Egypt: silencing the echoes
The Aurelia Fierros’ Report │ Column
Egypt: silencing the echoes
A golden rule of journalism prevents any serious correspondent from becoming part of the story. Unless, of course, extraordinary circumstances take place and the maker of the report ends up turning into the subject of it, inevitably. Such has been the case in Egypt’s coverage.
During the last 48 hours, more than 100 incidents involving the harm or incarceration of journalists were reported, including vicious attacks to CNN’s Anderson Cooper, Fox Business Network’s Ashley Webster, Fox News’ Greg Palkot and Olaf Wiig, NPR’s Lourdes Garcia-Navarro, and two Associated Press correspondents. Also, Al-Jazeera informed that three of its journalists were detained and another was reported missing.
Media outlets from all over the globe claim that their correspondents were hit with rocks, and beaten with sticks, and fists by pro-government mobs on the streets of Cairo while dozens were reported detained by security forces saying that their belongings, documentation and equipment were confiscated.
The Egyptian government has accused the foreign press of supporting protesters who demand president Hosni Mubarak to resign immediately, after nearly 30 years in power.
Shahira Amin, an Egyptian journalist resigned from Nile Television, a state-run network; denouncing years of censorship and news manipulation.
Reporters Without Borders issued a statement Thursday condemning pro-Mubarak supporters’ actions.
“This has gone beyond censorship. This is now about ridding Cairo of all journalists working for foreign news media,” the group said.
The leaders of France, Germany, Britain, Italy and Spain said in a joint statement that the “attacks against journalists are completely unacceptable.”
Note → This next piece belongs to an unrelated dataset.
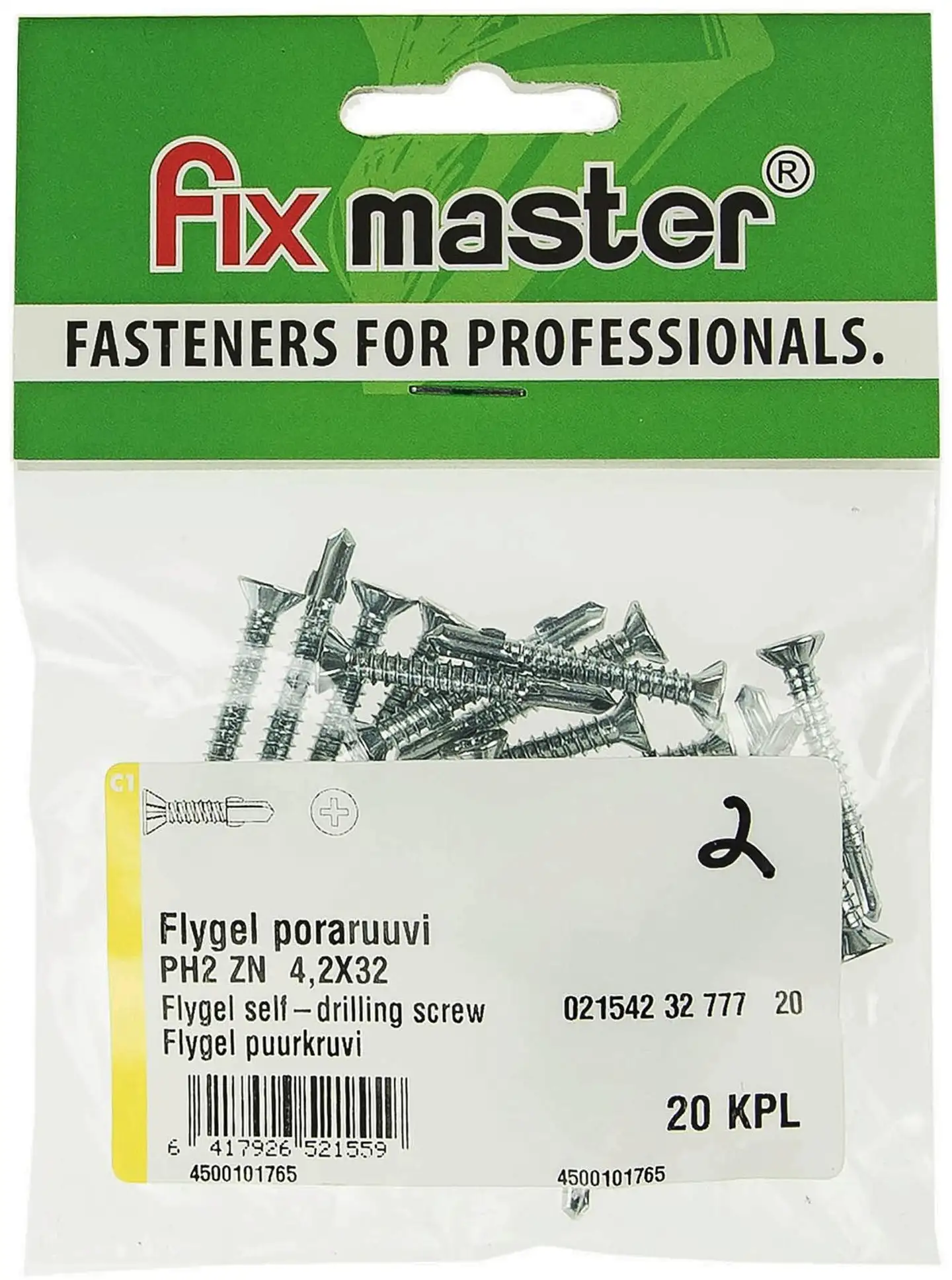 Fix Master Flygel poraruuvi PH2 4,2X32 sinkitty 20kpl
In the United States, Vice President Joe Biden, Secretary of State Hillary Clinton and many other public figures have condemned the repression and violence occurring on the streets of Cairo, and demanded the Egyptian government to immediately release any journalists who have been detained in the course of covering the country’s political unrest.
On Friday, which is the deadline protesters had given Mubarak to leave, as well as the main prayer day of the Muslim week, an estimate of more than 200 thousand people packed Tahrir Square; at the time President Obama reiterated his message: “an orderly transition must begin now”.
Today also sums the 11th day of bloody demonstrations with a count of over 300 people killed, including an Egyptian journalist.
Journalism as a profession is risky in itself, and there are records of censorship, detentions, and kidnappings during the coverage of relevant or historic events, but most likely, they would be counted as individual cases. Not so in Egypt’s exposure, which has been internationally condemned as ‘systematic targeting’ of journalists covering the conflict.
This is a complex story. This is a nation pending from a delicate ideological switch that could turn the other way any minute. But the exploring of the Muslim Brotherhood and other groups in the region will be subject of review in a future occasion.
For now, we can say that, here we have a president that took a major role after Anwar Sadat assassination, considered a political ally of the U.S. and of Israel, a force for peace in the region and a recipient of resources –according to the State Department- for over $1.3 billion annually. However, he stayed too long, and he is certainly not helping the process of democratization in any way.
The brutality against Egyptian protestors and on-duty journalists is deeply disturbing and unacceptable. The violent attacks perpetrated on the press are a desperate recourse and an assault on the people’s right to be informed.
Universal rights, as the right to peaceful assembly, association and speech, should never be repressed. That should include the freedom of the press, which is –and always will be- the carrier of the echoes of suffering, injustice and truth.